In Big Magic Elizabeth Gilbert told the story of Dr. Robin Wall Kimmerer and environmental biology teacher at SUNY College of Environmental Science and Forestry in Syracuse, New York, who asked her students if they loved nature. They raised their hands. Then she asked if they thought  nature loved them. None of them raised their hands. The teacher went on to say, “We have a problem.” Robin says, “The exchange of love between earth and people calls for the creative gifts of both. The earth is not indifferent to us, but rather calling for our gifts in return for hers–the reciprocal nature of life and creativity” (203). We tend the earth. She tends us.

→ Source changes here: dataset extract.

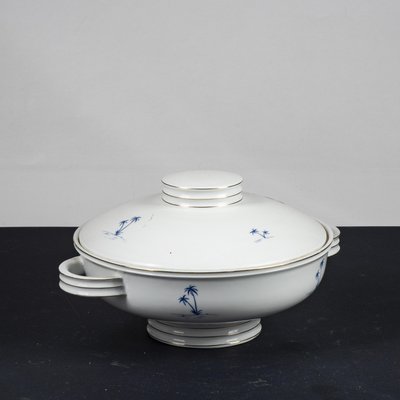 Verbano Laveno Ceramic Tureen with Blue Decorations-RAQ-1815826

The Apostle Paul talks about how earth groans with longing for the sons of God to be revealed. “We know the whole creation has been groaning as in the pains of childbirth right up to the present time” (Rom. 8: 22, NIV) Holy Writ is full of the sentience of the world from trees singing when God comes to judge the earth to the Heavens declaring the glory of God. We have learned that the stars and sun and planets do sing. NASA’s Voyager listened and recorded their voices.

I think our homes, our lands mourn when we die. And maybe after awhile the house, and yard and fields and barns might accept the new people come to tend them. (I say this because our farm has felt like a stiff horse, ready to buck, for the last eight years, as though it was mourning its former owners and resenting the deep changes we made, we had to make, like a dog home from the vet, not happy about the pain and stitches it can’t pick loose.) Yes a house might even come to love her people. We’re still waiting here.